ASSIGNMENT:
In the entries below, find the lines with the word "your" and copy them.

[Opening RECORDS SUPPLIED section]

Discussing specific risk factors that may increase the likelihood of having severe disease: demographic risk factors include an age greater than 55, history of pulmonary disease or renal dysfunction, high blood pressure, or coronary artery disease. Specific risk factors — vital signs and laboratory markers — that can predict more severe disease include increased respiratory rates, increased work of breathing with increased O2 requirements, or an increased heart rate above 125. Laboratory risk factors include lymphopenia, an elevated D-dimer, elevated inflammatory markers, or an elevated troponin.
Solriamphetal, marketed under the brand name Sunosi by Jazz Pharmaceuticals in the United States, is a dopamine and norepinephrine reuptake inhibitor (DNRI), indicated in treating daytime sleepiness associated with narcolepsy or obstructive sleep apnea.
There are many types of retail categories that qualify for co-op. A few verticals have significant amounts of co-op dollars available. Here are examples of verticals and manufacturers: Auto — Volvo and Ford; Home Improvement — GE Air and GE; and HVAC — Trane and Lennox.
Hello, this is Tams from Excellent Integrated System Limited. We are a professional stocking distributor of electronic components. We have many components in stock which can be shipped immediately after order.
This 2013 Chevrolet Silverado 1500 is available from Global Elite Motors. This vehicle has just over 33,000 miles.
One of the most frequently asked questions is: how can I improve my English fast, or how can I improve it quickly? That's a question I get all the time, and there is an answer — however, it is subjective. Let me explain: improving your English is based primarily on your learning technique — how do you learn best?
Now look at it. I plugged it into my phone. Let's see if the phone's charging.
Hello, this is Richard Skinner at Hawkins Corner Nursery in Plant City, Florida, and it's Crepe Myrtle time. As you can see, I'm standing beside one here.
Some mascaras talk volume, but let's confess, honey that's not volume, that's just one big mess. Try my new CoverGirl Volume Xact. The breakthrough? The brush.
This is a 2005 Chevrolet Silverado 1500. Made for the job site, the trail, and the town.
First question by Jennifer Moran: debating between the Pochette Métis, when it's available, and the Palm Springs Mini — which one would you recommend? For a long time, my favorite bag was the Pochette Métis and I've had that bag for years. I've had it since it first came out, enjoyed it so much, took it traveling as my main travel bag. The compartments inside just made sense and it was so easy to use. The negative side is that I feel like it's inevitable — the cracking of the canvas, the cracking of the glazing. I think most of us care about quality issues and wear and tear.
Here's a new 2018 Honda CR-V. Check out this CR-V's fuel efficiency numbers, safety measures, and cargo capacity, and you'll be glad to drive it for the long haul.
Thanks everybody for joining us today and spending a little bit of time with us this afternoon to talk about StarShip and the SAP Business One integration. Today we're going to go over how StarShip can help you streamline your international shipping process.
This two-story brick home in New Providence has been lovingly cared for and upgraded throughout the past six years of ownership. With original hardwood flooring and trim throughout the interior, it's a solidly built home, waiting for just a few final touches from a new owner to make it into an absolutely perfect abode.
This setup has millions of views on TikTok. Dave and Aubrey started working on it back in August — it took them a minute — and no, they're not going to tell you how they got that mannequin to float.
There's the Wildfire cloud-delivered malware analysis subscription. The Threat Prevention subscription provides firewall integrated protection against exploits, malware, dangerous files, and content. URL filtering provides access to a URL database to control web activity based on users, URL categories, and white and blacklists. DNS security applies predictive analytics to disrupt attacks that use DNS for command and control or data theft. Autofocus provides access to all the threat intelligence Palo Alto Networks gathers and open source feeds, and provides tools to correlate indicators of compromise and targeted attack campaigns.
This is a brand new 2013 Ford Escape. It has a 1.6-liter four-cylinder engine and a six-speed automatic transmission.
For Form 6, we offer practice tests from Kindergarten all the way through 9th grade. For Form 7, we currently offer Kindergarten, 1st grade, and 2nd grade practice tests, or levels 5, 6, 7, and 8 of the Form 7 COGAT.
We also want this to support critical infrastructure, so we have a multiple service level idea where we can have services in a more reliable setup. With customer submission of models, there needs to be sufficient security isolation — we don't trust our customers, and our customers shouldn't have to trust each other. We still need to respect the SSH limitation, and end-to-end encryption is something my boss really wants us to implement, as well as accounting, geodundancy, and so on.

[Closing RECORDS SUPPLIED section]

TASK RESPONSE:
One of the most frequently asked questions is: how can I improve my English fast, or how can I improve it quickly? That's a question I get all the time, and there is an answer — however, it is subjective. Let me explain: improving your English is based primarily on your learning technique — how do you learn best?
Thanks everybody for joining us today and spending a little bit of time with us this afternoon to talk about StarShip and the SAP Business One integration. Today we're going to go over how StarShip can help you streamline your international shipping process.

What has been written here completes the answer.